## Activity
Restate word for word the lines below from the one that has "So, a really" through the one that has "If we're happy", keeping both and dropping all pictures.

## Stored data
○ ○ ○ ○ ○

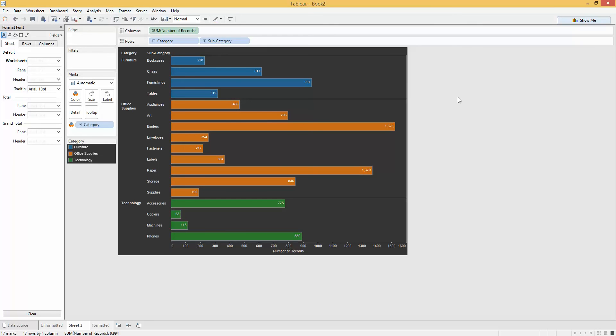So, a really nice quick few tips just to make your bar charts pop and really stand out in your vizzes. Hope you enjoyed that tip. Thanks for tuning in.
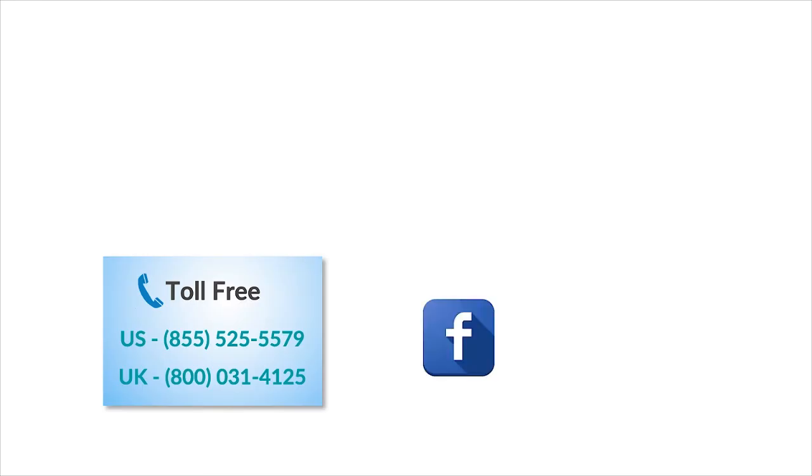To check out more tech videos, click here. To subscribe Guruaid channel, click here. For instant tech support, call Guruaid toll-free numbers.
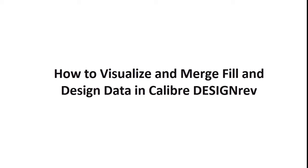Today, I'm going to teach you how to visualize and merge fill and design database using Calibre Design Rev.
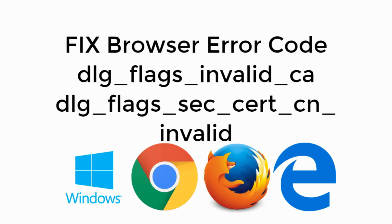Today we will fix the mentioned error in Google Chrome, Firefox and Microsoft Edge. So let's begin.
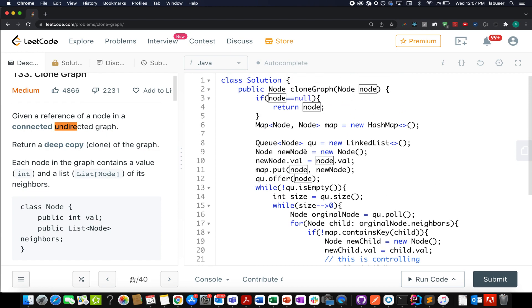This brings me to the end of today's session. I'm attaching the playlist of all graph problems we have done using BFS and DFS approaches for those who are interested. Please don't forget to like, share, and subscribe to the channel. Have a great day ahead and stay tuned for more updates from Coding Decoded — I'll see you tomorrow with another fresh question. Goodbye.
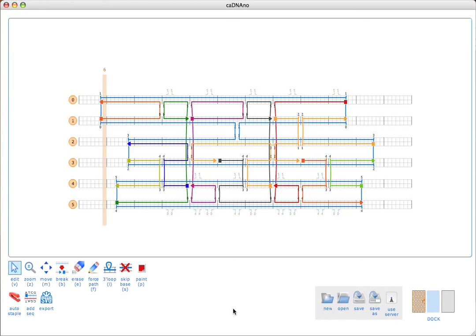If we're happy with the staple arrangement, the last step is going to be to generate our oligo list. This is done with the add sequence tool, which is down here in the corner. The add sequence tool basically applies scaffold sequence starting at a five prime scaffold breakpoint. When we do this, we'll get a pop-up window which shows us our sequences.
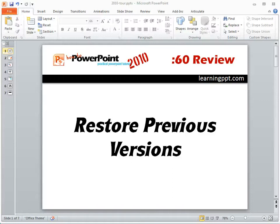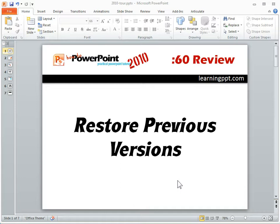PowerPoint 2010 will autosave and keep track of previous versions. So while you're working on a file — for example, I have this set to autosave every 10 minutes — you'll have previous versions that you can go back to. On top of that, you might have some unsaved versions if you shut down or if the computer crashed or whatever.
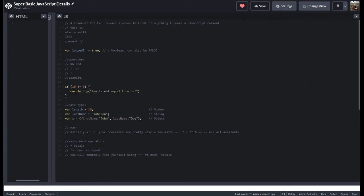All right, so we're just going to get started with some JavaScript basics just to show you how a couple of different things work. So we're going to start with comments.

○ ○ ○ ○ ○

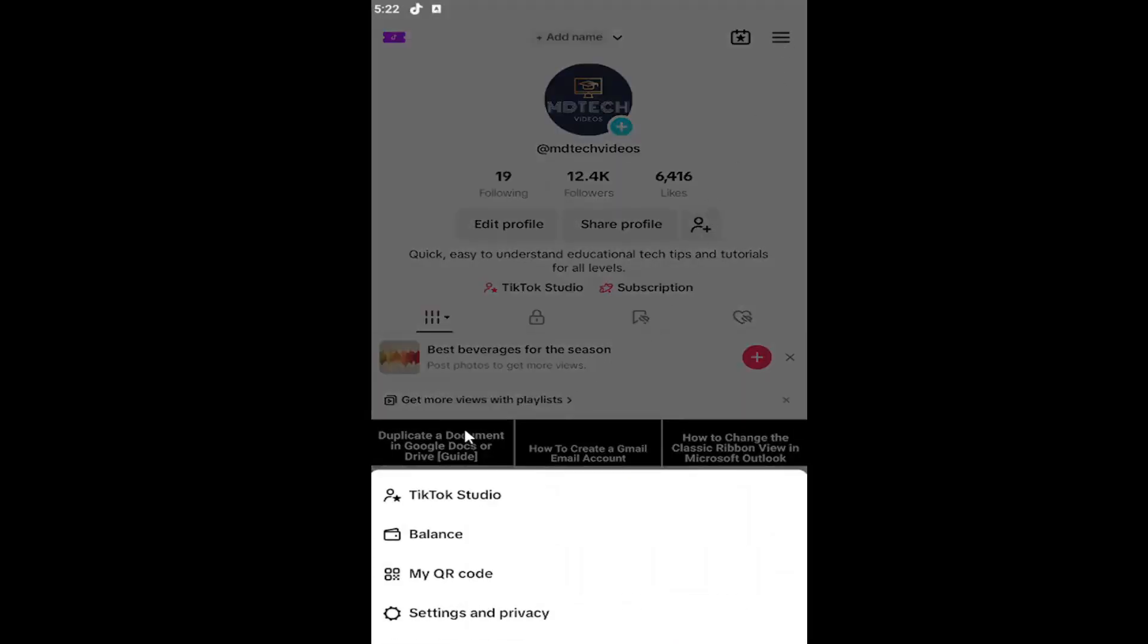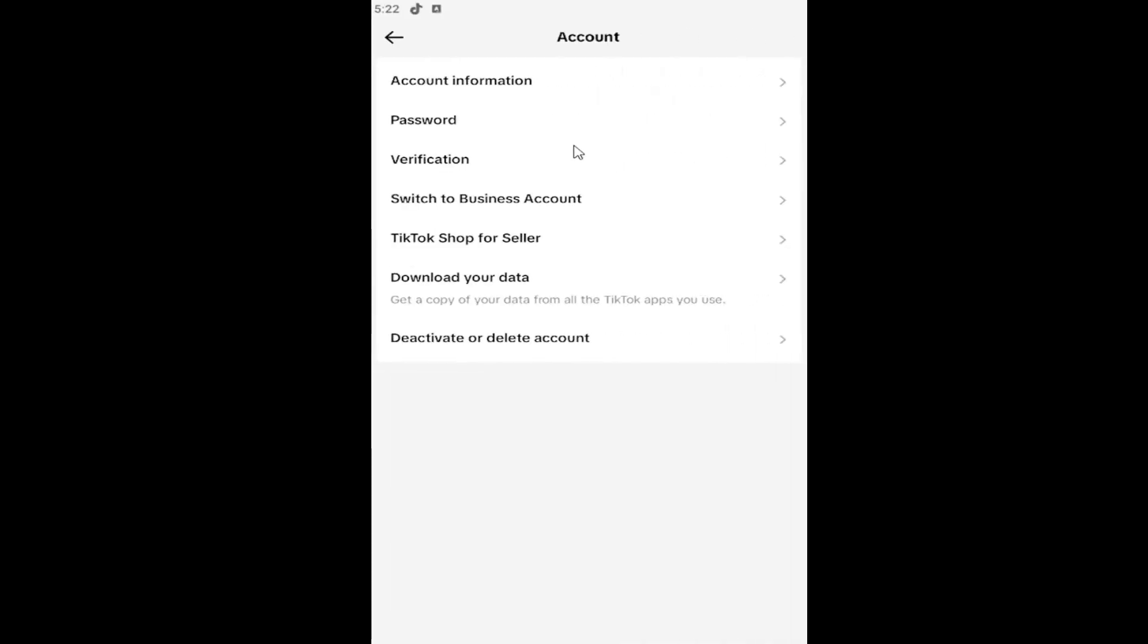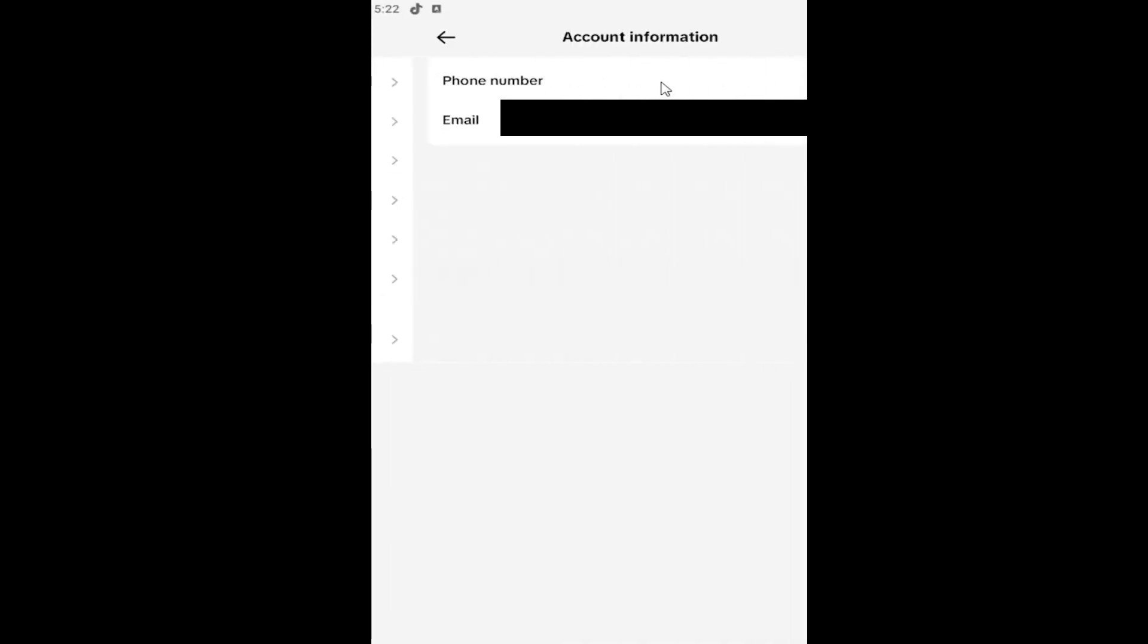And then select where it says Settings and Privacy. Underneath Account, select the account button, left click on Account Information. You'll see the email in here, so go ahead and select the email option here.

○ ○ ○ ○ ○

## Task result
So, a really nice quick few tips just to make your bar charts pop and really stand out in your vizzes. Hope you enjoyed that tip. Thanks for tuning in.
To check out more tech videos, click here. To subscribe Guruaid channel, click here. For instant tech support, call Guruaid toll-free numbers.
Today, I'm going to teach you how to visualize and merge fill and design database using Calibre Design Rev.
Today we will fix the mentioned error in Google Chrome, Firefox and Microsoft Edge. So let's begin.
This brings me to the end of today's session. I'm attaching the playlist of all graph problems we have done using BFS and DFS approaches for those who are interested. Please don't forget to like, share, and subscribe to the channel. Have a great day ahead and stay tuned for more updates from Coding Decoded — I'll see you tomorrow with another fresh question. Goodbye.
If we're happy with the staple arrangement, the last step is going to be to generate our oligo list. This is done with the add sequence tool, which is down here in the corner. The add sequence tool basically applies scaffold sequence starting at a five prime scaffold breakpoint. When we do this, we'll get a pop-up window which shows us our sequences.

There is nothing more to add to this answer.